Parliament should initiate impeachment proceedings against the unethically corrupt judges, corrupt politicians, bureaucrats, army personnel and businessmen and their families

“A judiciary loses its value and service to the community if there is no public confidence in its decision making.”It is maddening to think that we are at such a pass. But now people’s mind is made up: they openly say impeach them all. Parliament should play a vital role in that. They should pass a resolution against unethical, corrupt judges, and impeach them, duly endorsed and signed by the Senate. There may be a hindrance if parliament votes to impeach judges with controversial judgements, the Supreme Judicial Council would never vote to convict and remove them. This is the “failed impeachment” theory.

But there is no such thing as a failed impeachment. An impeachment exists separately from removal. Impeachment is akin to an indictment with the trial, which could convict and remove, taking place in parliament or Senate. Though parliament and Senate have never voted to convict but that doesn’t mean it can’t be done. It is not a mission impossible, it can be done if parliament and Senate are sincere, and I am sure we have many sincere parliamentarians just like we have many sincere judges and other personnel holding government offices.

So an impeachment vote in parliament and Senate, to this point, has been the strongest rebuke Pakistan is willing to give a judge, a politician or a parliamentarian. And once a judge is impeached, the judiciary will start delivering justice not favours. It is a chastisement unto itself. It is the people’s house making a stand for its people. Once judges start delivering justice, process of development will automatically start.

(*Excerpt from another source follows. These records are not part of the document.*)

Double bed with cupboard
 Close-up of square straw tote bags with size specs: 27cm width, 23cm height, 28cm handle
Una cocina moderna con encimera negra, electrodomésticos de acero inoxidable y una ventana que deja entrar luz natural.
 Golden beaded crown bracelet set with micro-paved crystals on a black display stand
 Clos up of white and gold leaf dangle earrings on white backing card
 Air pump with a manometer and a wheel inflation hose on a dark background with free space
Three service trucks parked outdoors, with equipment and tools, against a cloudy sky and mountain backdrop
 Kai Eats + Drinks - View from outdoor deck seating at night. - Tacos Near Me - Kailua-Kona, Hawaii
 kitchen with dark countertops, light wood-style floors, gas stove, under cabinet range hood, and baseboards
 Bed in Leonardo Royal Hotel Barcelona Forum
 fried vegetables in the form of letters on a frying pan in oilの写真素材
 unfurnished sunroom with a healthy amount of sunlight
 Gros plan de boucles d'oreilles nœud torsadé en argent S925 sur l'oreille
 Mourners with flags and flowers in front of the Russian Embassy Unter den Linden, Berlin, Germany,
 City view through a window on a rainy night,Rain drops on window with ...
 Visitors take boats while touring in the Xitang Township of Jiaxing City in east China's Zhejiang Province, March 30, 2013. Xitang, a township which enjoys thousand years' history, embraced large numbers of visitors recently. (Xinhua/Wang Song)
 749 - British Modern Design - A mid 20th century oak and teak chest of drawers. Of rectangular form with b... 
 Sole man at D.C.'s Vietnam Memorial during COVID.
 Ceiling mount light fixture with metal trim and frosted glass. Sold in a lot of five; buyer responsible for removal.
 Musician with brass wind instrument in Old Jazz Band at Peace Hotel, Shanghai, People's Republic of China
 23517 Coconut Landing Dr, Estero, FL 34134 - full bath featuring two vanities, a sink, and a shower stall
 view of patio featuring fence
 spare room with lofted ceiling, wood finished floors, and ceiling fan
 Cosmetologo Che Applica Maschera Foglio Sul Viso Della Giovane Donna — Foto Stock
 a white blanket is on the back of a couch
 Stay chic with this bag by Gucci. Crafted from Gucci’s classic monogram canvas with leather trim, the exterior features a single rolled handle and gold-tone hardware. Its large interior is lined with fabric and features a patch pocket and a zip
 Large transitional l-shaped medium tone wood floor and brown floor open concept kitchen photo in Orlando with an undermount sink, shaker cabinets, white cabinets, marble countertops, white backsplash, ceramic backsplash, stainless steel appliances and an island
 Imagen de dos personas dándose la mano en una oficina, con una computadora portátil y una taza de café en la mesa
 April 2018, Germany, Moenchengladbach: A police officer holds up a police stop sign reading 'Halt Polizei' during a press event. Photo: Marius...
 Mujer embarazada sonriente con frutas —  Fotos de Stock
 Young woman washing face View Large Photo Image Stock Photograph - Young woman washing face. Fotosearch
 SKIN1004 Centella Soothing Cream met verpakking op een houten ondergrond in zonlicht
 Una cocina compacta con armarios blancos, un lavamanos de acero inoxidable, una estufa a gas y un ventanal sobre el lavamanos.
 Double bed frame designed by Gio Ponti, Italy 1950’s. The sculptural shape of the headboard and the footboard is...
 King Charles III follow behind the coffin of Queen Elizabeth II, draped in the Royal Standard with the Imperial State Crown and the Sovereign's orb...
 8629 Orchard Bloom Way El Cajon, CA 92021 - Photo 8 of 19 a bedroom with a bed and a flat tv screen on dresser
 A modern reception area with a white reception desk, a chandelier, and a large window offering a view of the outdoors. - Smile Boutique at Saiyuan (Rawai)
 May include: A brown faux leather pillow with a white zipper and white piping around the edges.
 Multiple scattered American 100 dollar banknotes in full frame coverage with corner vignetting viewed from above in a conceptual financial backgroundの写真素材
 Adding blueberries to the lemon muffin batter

An impeachment would be promising and may increase public support to impeach unethical judges besides people like Zardari, Sharif and other such politicians. It would also be better that they and their families be restricted to hold any public office for life time. People are tired of all the fear and trepidation. They are sick at the extent and pervasiveness of dishonesty and misdirection by both these individuals in the highest office of the land. But,will that sickness give birth to action? Not if the last two decades are our guide. People are afraid of judges and these two politicians; it seems as if they not inadvertently but deliberately helped each other to increase the chances of re-election with their musical chairs game of power.But this is not 1990s. Until 1996, CNN was the only cable news network. Facebook, Twitter and Instagram didn’t exist. Google wasn’t founded until 1998. Cellphones were in their infancy, and a few people had them. Now it’s all open, people get the news before it happens. I’m afraid of lawlessness and the horrible precedent it would set if judges don’t deliver, if they don’t stand for justice instead of favours.

Parliament should initiate impeachment proceedings against the unethicallycorrupt judges, politicians, bureaucrats, army personnel and businessmen and their families.

To ignore a judge’s repeated efforts to obstruct an investigation into the corruption of known politicians, his disloyal behaviour would inflict great and lasting damage on the country, and it would suggest that both the current and the future head of the state would be free to abuse their power in similar ways. Such inaction enshrines the idea that the head of the state is above the law. “Just as politicians ought not to be judges, so too judges ought not to be politicians.”Thomas Paine wrote in 1776: “In absolute governments the king is the law, in free countries the law ought to be king; and there ought to be no other.”

Who will we let be the king in this country: judges, politicians or the law?